What are the lines from the one containing "Colchón triple de" through the last line of the records below? Return them exactly, leaving out pictures.

[Extracted data]
━━━━━━━━━━━━━━━━━━━━━━━━━━━━━━
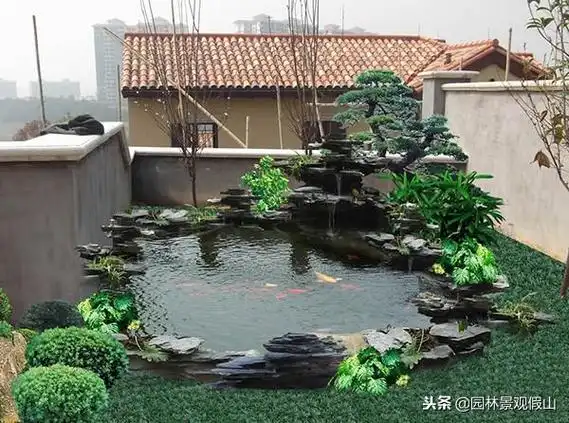布置庭院水景假山风水原则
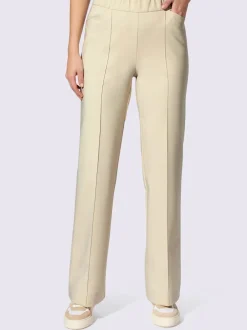 Pantalons confortables à plis et poches latérales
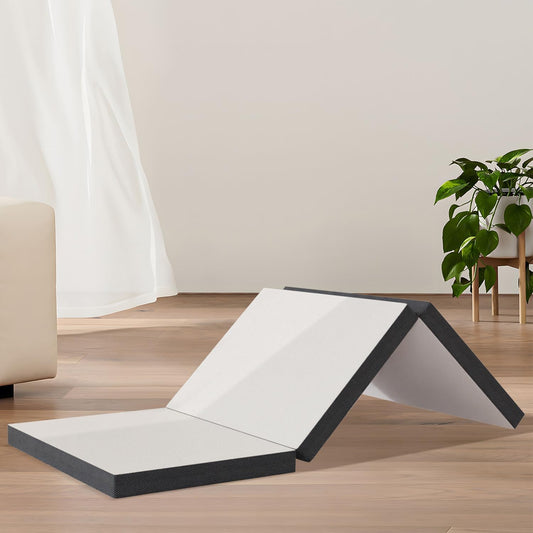 Colchón triple de 4 pulgadas, colchón plegable con certificado CertiPUR-US,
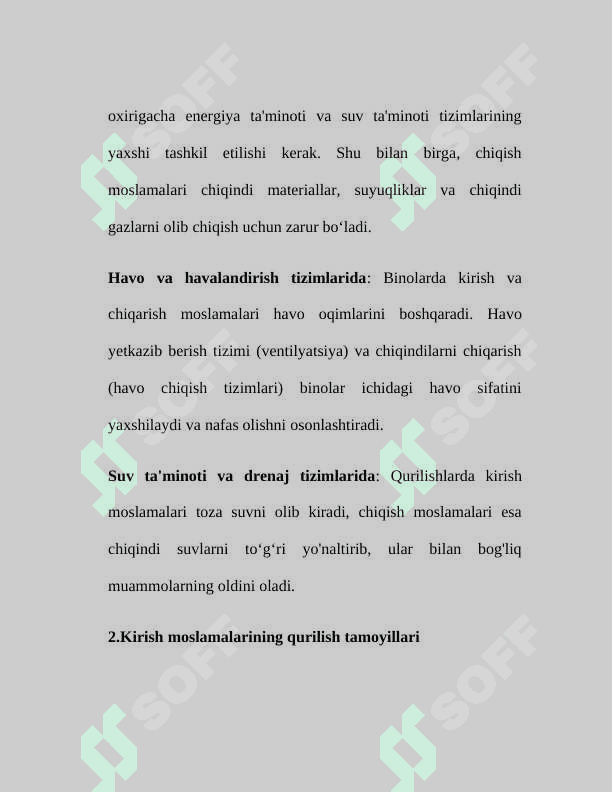 KIRISH VA CHIQARISH MOSLAMALARI QURILISH TAMOILLARI VA ISHLASH PRINTSIPI 7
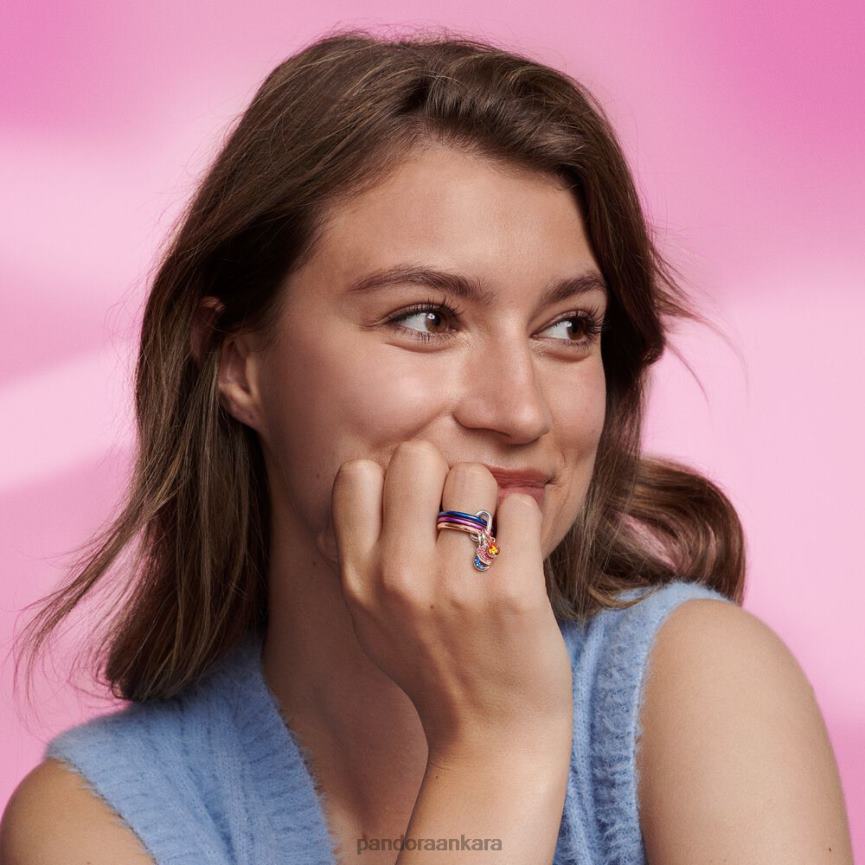 yüzüğü açacağım 82N8H569 Pandora Gül Altın Kaplama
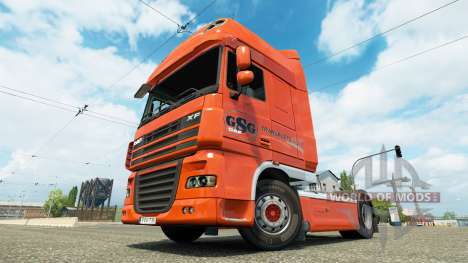 Скин GSG на тягач DAF для Euro Truck Simulator 2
━━━━━━━━━━━━━━━━━━━━━━━━━━━━━━
[Exercise answer]
 Colchón triple de 4 pulgadas, colchón plegable con certificado CertiPUR-US,
 KIRISH VA CHIQARISH MOSLAMALARI QURILISH TAMOILLARI VA ISHLASH PRINTSIPI 7
 yüzüğü açacağım 82N8H569 Pandora Gül Altın Kaplama
 Скин GSG на тягач DAF для Euro Truck Simulator 2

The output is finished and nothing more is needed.